- [Collected data entries]

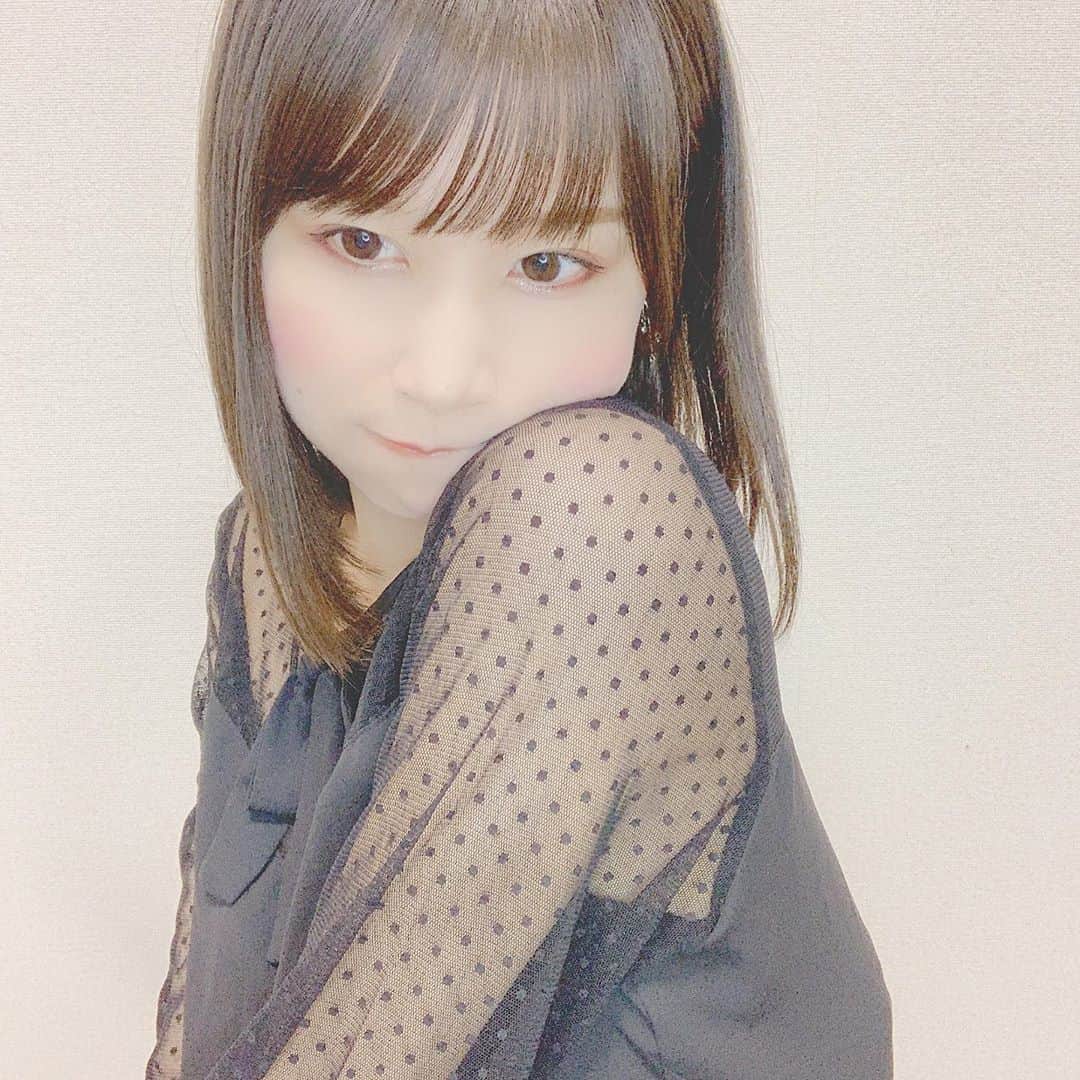 八木沙季のインスタグラム：「💇🏻‍♀️💇🏻‍♀️ . 髪の毛切ったよ〜❤︎ そんな長さ変わってないでしょ🥳 ボブに戻すか迷ったけどね😗 ライブも少しずつ再開してるし ヘアアレンジできた方がいいなと🐶 長さあまり変えずに少し軽くしてもらいました！ .」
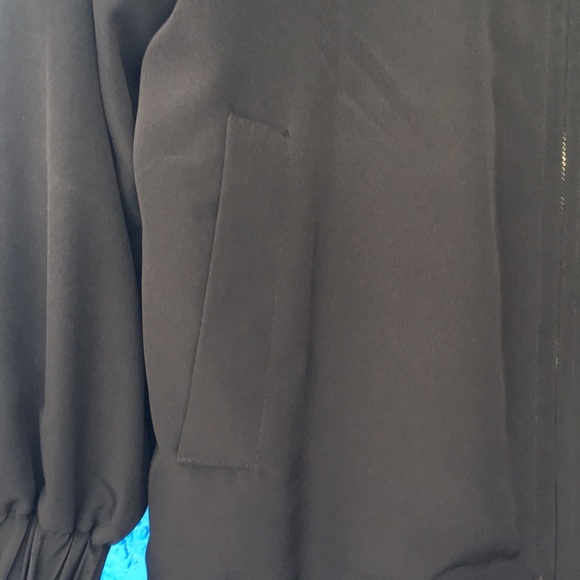 Chic Reversible Jacket! - Picture 11 of 11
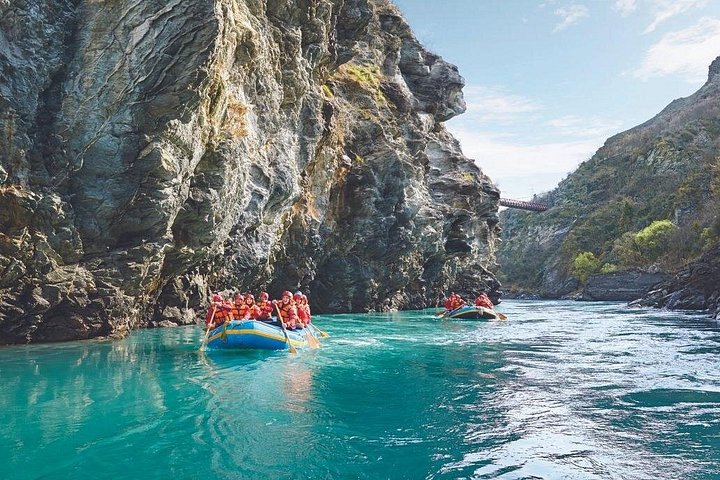 Queenstown Kawarau River Whitewater Rafting - Photo 2
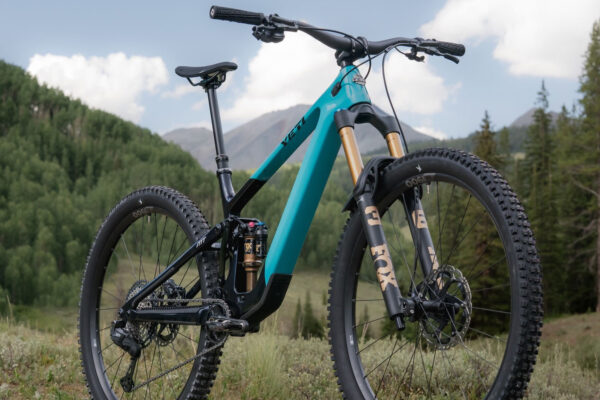 Nový trailový Yeti MT dostal odpruženie Sixfinity overené vo Svetovom pohári a 140 mm zdvihu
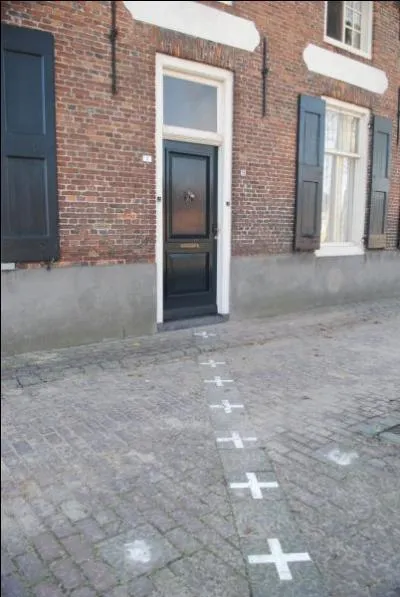 Tiens, il me semble que vous êtes déjà passés par là, avec vos gros sabots, non ?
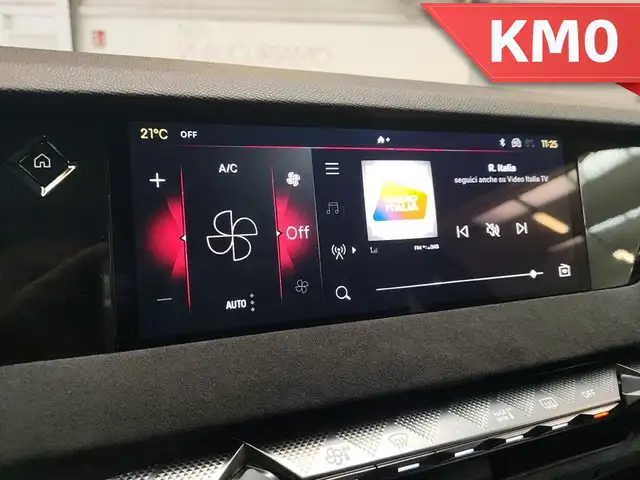 DS Automobiles DS 4 view 19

- [WHAT YOU ARE ASKED TO DO]
Please give every line above again word for word, apart from the pictures.

- [RESULT]
 八木沙季のインスタグラム：「💇🏻‍♀️💇🏻‍♀️ . 髪の毛切ったよ〜❤︎ そんな長さ変わってないでしょ🥳 ボブに戻すか迷ったけどね😗 ライブも少しずつ再開してるし ヘアアレンジできた方がいいなと🐶 長さあまり変えずに少し軽くしてもらいました！ .」
 Chic Reversible Jacket! - Picture 11 of 11
 Queenstown Kawarau River Whitewater Rafting - Photo 2
 Nový trailový Yeti MT dostal odpruženie Sixfinity overené vo Svetovom pohári a 140 mm zdvihu
 Tiens, il me semble que vous êtes déjà passés par là, avec vos gros sabots, non ?
 DS Automobiles DS 4 view 19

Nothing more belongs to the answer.